Well I was trying to avoid posting this doubt, but I have spent all day researching and reading about it and I am completely overwhelmed.
I understood the idea of using arrays of arrays, user Letharion explained it well in another post (Arrays of Arrays). I have also found an implementation (although it seems badly implemented to me) in Stackoverflow.
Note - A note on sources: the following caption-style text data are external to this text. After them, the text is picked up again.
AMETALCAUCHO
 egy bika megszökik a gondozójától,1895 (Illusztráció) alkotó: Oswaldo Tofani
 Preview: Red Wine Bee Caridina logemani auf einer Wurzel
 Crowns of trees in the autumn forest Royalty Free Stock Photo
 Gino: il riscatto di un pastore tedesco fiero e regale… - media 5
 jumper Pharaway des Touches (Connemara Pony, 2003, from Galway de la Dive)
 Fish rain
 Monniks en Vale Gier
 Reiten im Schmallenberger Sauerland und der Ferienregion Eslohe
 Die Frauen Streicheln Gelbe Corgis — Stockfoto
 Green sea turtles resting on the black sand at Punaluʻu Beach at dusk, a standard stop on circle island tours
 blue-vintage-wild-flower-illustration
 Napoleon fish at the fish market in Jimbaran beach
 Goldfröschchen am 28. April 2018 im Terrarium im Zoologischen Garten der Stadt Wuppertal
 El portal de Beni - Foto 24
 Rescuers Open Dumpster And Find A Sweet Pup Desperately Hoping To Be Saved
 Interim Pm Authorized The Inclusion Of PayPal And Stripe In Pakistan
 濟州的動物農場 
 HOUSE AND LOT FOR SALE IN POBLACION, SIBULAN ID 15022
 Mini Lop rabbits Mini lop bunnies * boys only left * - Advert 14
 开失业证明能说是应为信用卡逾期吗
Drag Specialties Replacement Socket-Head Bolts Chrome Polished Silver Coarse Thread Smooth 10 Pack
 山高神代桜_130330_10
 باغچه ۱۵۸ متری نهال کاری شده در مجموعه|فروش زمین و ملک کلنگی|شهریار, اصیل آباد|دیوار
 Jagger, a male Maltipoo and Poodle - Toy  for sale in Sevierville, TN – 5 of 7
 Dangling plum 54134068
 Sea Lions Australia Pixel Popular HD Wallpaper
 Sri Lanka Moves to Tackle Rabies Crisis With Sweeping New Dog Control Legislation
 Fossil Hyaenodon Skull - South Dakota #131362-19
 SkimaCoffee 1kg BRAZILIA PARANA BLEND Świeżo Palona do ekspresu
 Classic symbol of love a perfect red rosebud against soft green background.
What I want to implement is a 5688(dimblockdimgrid) array, where each element contains an array with 3584*3 float elements, and so I did this
//CPU ALLOCATION AND DEBUG
float*intersectionsy_h=(float*)malloc(dimGrid.x*dimGrid.y*dimBlock.x*dimBlock.y*sizeof(float*));//ARRAY OF POINTERS
if (intersectionsy_h == NULL)
printf ( "!!!! host memory allocation error (array of pointers y)\n");
for(int i=0;i<dimGrid.x*dimBlock.x;i++){
for(int j=0;i<dimGrid.y*dimBlock.y;j++){
status=cudaMalloc((void**)&intersectionsy_h[i*dimGrid.x*dimBlock.x+j],(3584*3-j)*sizeof(float));
if (status != cudaSuccess)
printf ("!!!! device memory allocation error (intersections per thread)\n");
}
}
//GPU ALLOCATION AND DEBUG
float *intersectionsy_d;
status=cudaMalloc((void**)&intersectionsy_d,sizeof(float*)*dimGrid.x*dimGrid.y*dimBlock.x*dimBlock.y);
if (status != cudaSuccess)
printf ("!!!! device memory allocation error (intery)\n");
status=cudaMemcpy(intersectionsy_d,intersectionsy_h,dimGrid.x*dimGrid.y*dimBlock.x*dimBlock.y*sizeof(float*),cudaMemcpyHostToDevice);
if (status != cudaSuccess)
printf ("!!!! could not copy intersection array to GPU (intery)\n");
//KERNEL CALL
//sysmat<<<dimGrid,dimBlock>>>(intersectionsy_d,xfocus,yfocus,zfocus, xbin, xbinsize,ybin,ybinsize,zbin,zbinsize,detectorXDim,detectorYDim,projecoes,detectorZDim,iiterationsu,jiterationsu,angle);
//The kernel is commented because I haven't changed it yet to work with arrays of arrays.
//COPY GPU RESULTS TO CPU AND DEBUG
status=cudaMemcpy(intersectionsy_h,intersectionsy_d,dimGrid.x*dimGrid.y*dimBlock.x*dimBlock.y*sizeof(float),cudaMemcpyDeviceToHost);
if (status != cudaSuccess)
printf ("!!!! could not retrieve from GPU (interx)\n");
//FREE MEMORY AND DEBUG
for(int i = 0; i < dimGrid.x*dimGrid.y*dimBlock.x*dimBlock.y; i++){
status=cudaFree(intersectionsy_d[i]);
if (status != cudaSuccess)
printf ("!!!! device memory free error (interx)\n");
}
status=cudaFree(intersectionsy_d);
if (status != cudaSuccess)
printf ("!!!! device memory free error (interx)\n");
free(intersectionsy_h);
}
I know there are some pointer’s inconsistencies, but I swear I really tried to work around it, but with no success.
I have a segmentation fault and an error regarding the type float in cudaFree, so I would like to know the right method to implement this.
Also does this method brings any problems when working with libraries like Thrust, and are arrays of arrays performance limiters(I have read some posts supporting this)?
Thanks in advance and any help is appreciated since I am completely lost =/